As mentioned, once the CPU enters the ISR, the global interrupt enable bit (I-bit) in SREG will be cleared so that all other interrupts are disabled. In order to use nested interrupts, the I-bit is set by software when the CPU enters an ISR.
Task: Enable INT0 and INT1 interrupts. Within the ISR of INT0 set the I-bit so that INT1 interrupt will be sensed and executed (by jumping to ISR of INT1) while the CPU is inside ISR of INT0.
Without using STK600 connect two LED circuits as shown in Figure 1; one at PB0 and another at PC0 and two switch circuits, one at PD0 and another at PD1.
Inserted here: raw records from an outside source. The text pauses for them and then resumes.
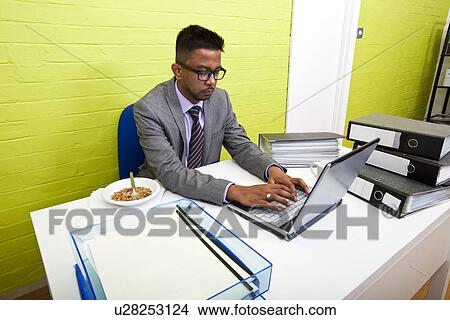 Picture - Portrait of Indian Businessman working on his laptop computer at his desk. Fotosearch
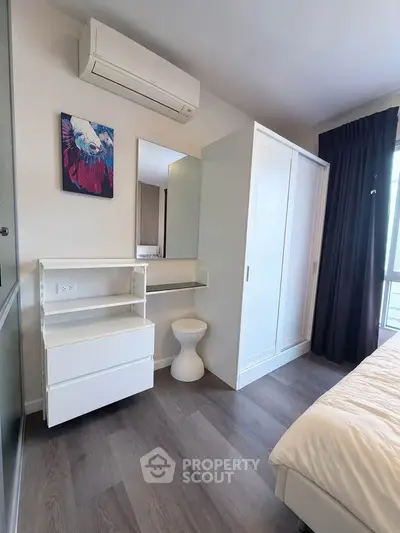 Modern bedroom with sleek white furniture and air conditioning unit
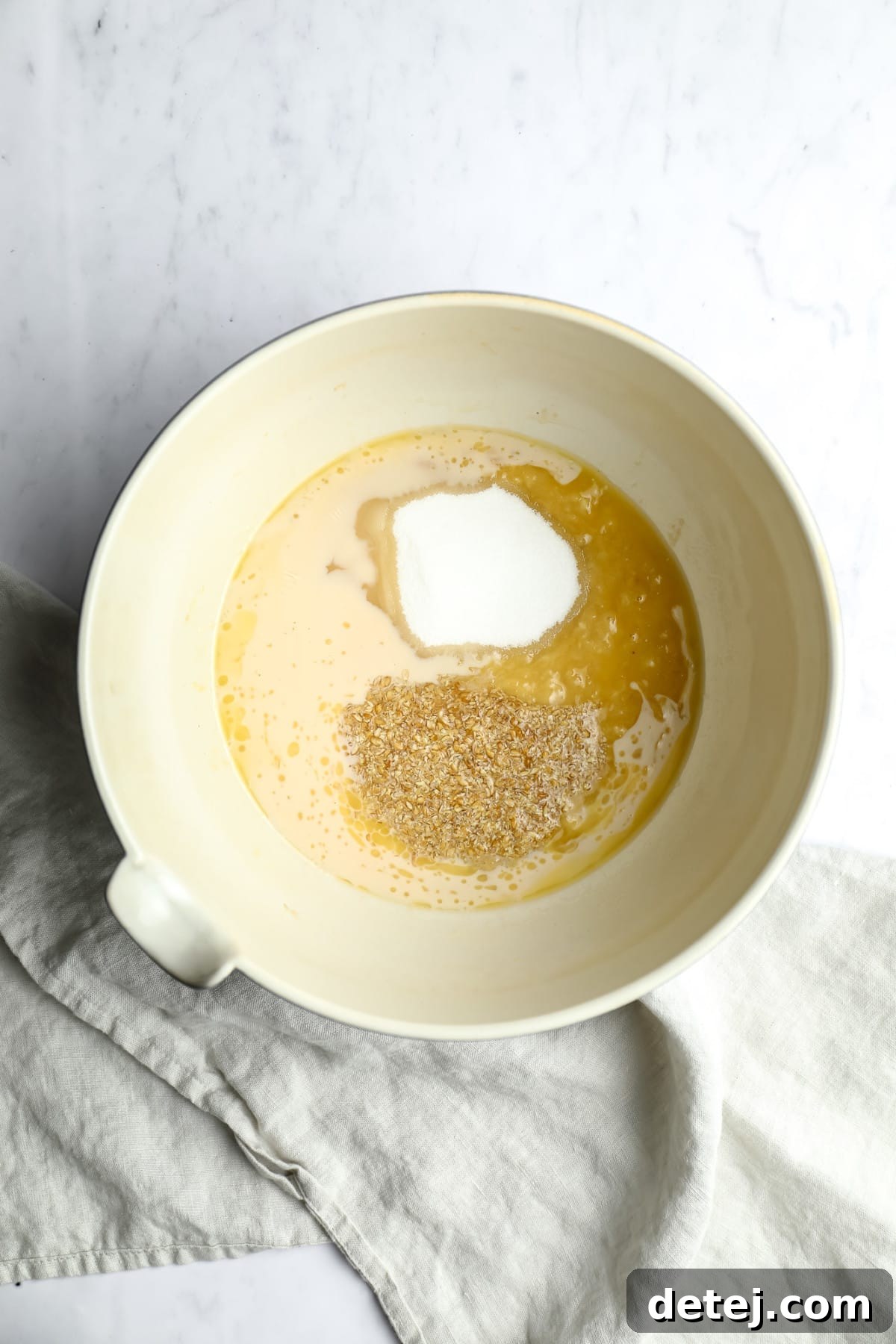 bowl with flaxseeds, sugar and milk/butter on white marble backdrop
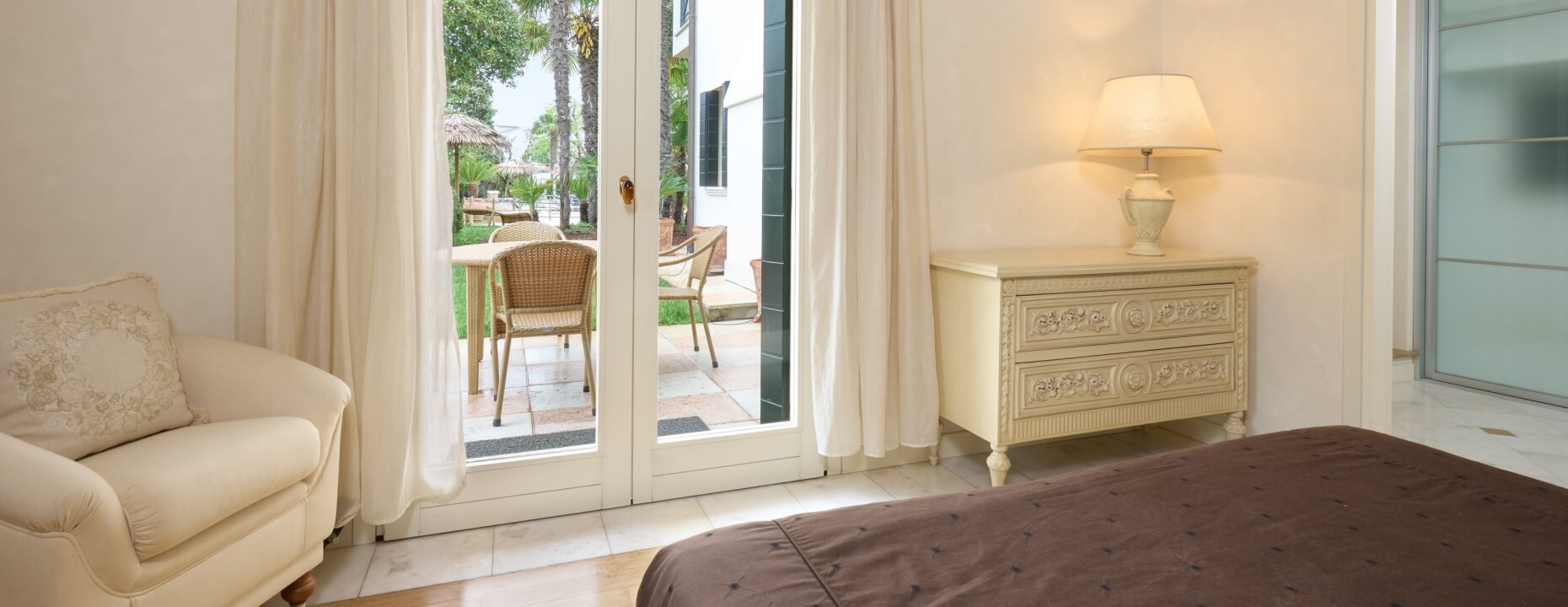 Camera d'hotel con letto, armadio, poltrona e porte francesi.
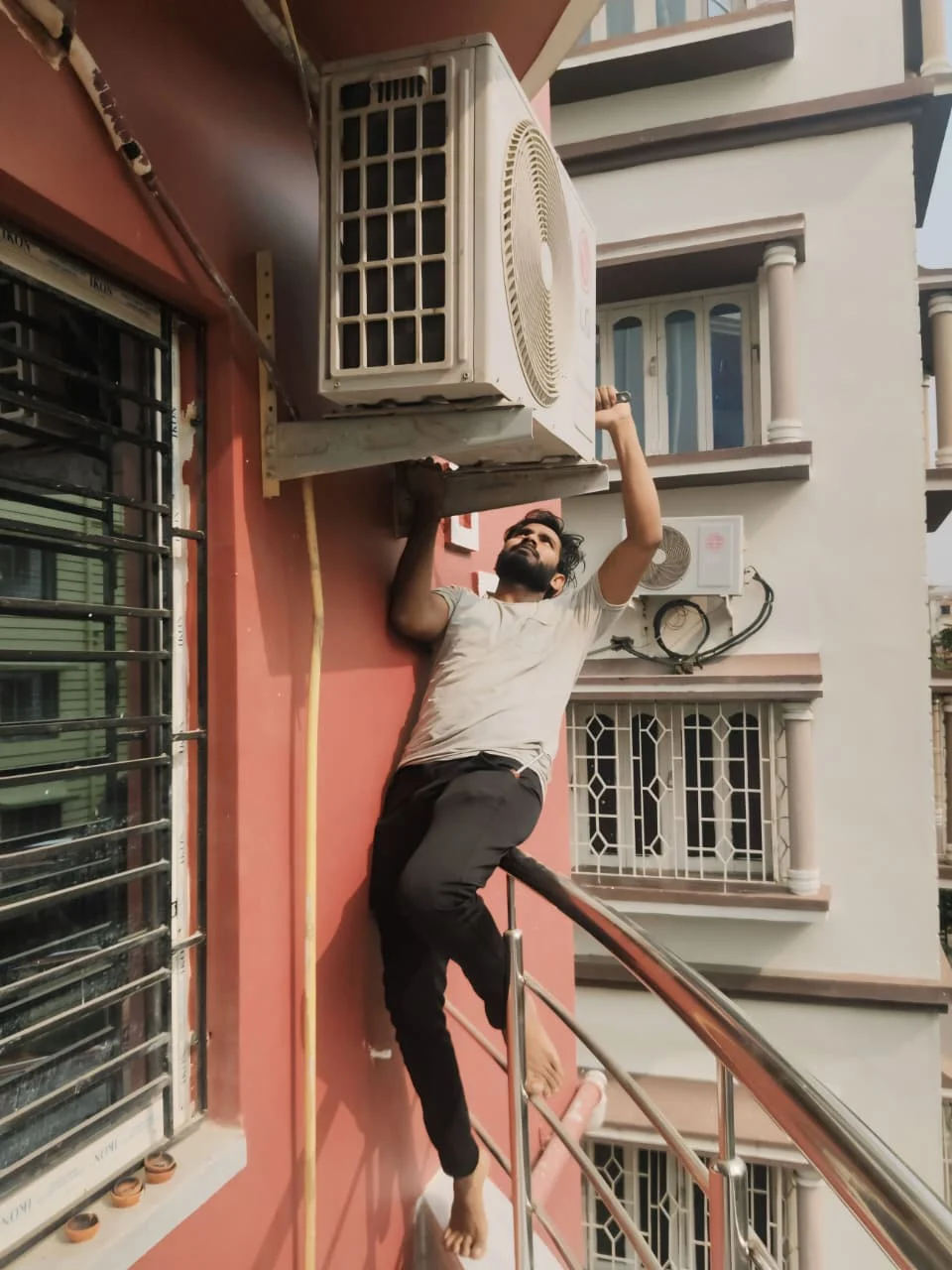 Technician working on outdoor AC unit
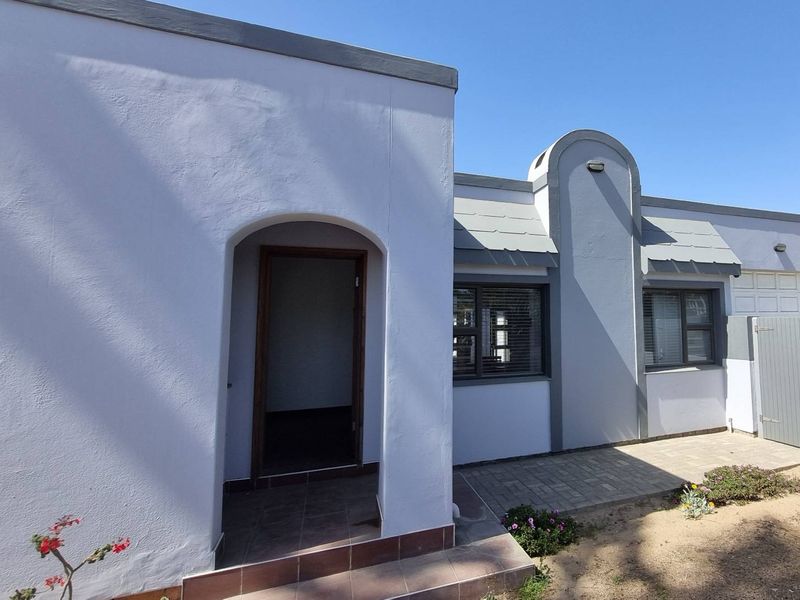 Front facade of the house featuring an arched entrance, paved walkway, and modern grey and white exterior paint finish.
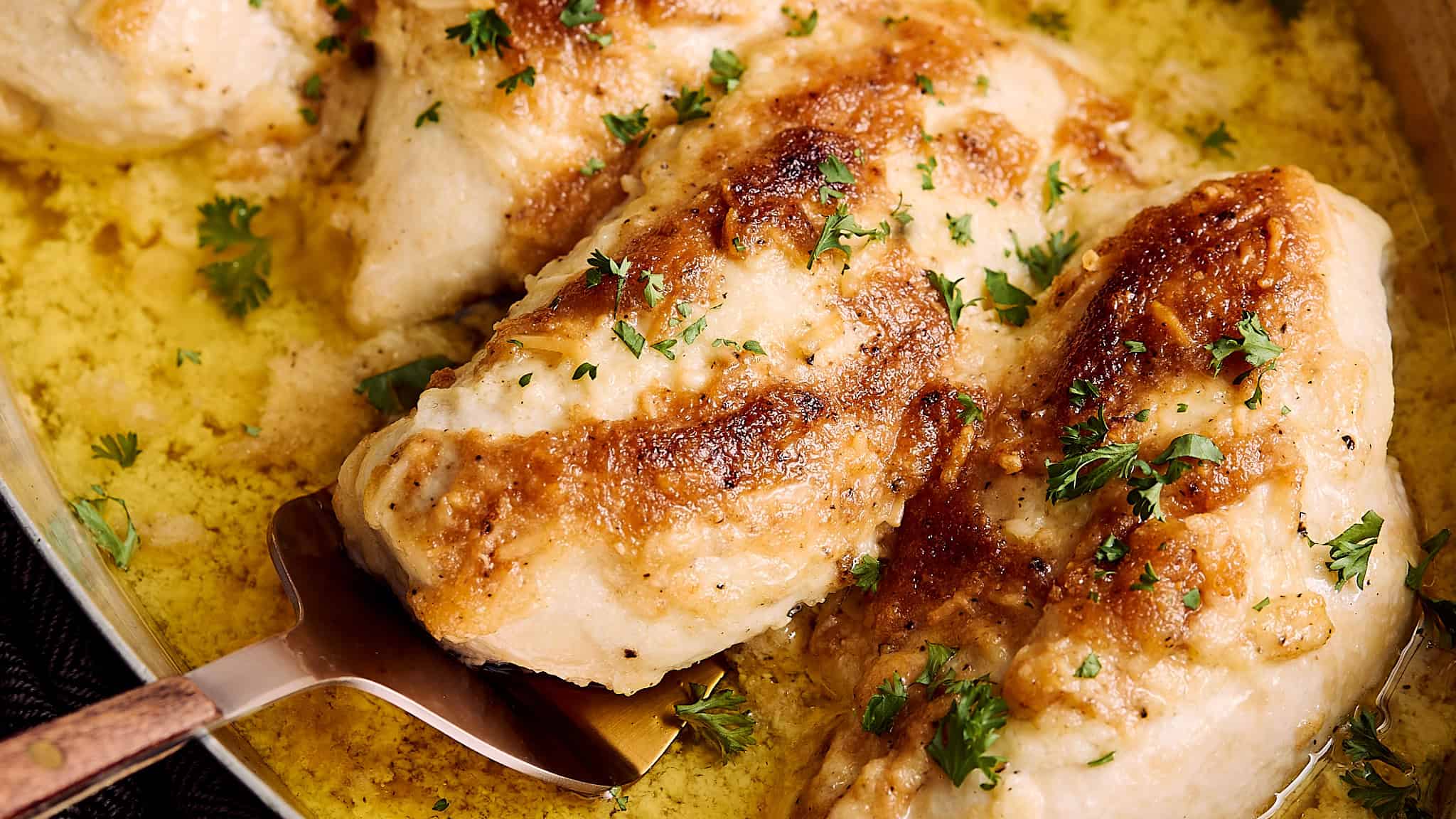 Juicy baked chicken thighs with golden crispy skin, garnished with fresh parsley, served in a flavorful yellow sauce in a baking dish.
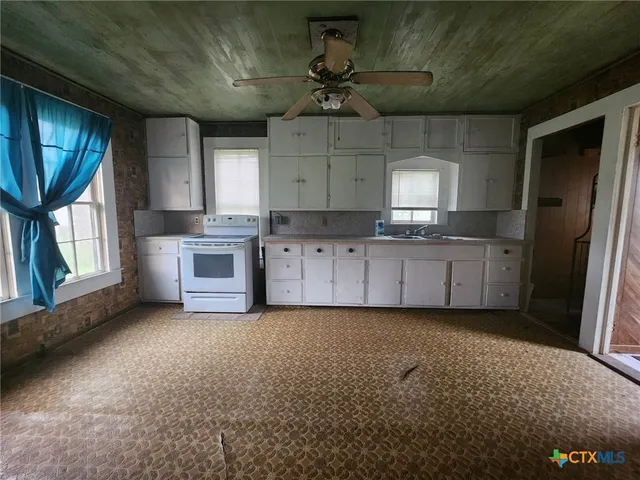 a kitchen with granite countertop a sink stainless steel appliances and cabinets
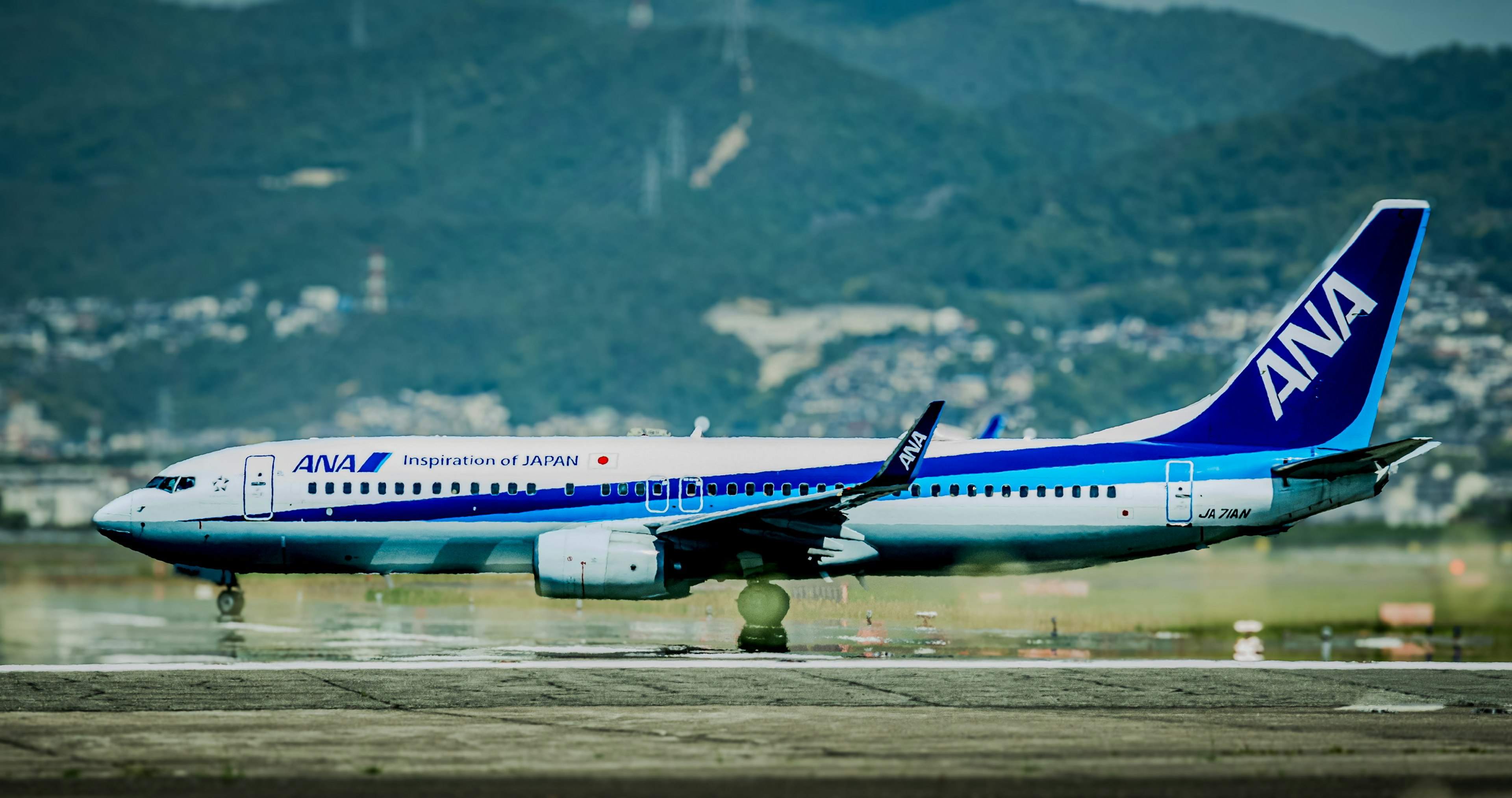 ANA airplane on the runway with mountains in the background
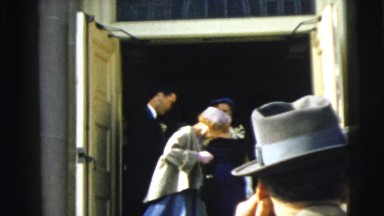 1962: at a church, a wedding party exits the building and waits for the bride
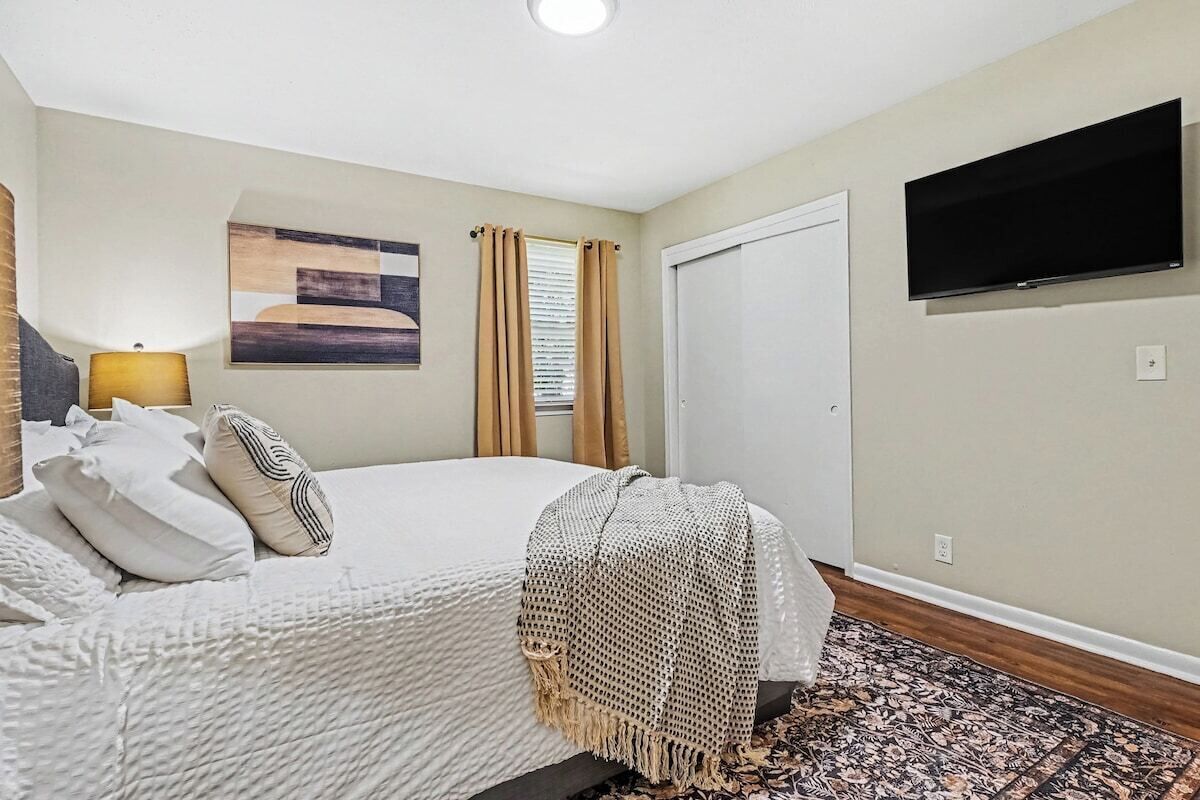 A bedroom with a bed, a television mounted on the wall, and a patterned rug.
While running the example code when switch SW0 is pressed, due to pull-up the interrupt INT0 will be triggered only when SW0 is released and LED0 blinks for some time. During the time while LED0 is glowing, a switch action on SW1 will trigger INT1 and hence the LED1 blinks for a moment and goes off. This is because, inside the ISR of INT0, the I-bit is set so that all other interrupts are activated. So even when the CPU is inside the INT0 routine it senses the interrupt INT1 and jumps to the ISR of INT1 and executes the routine and then jumps back to ISR of INT0.
Comment the line ‘sei();’ in the ISR of INT0 and observe the output.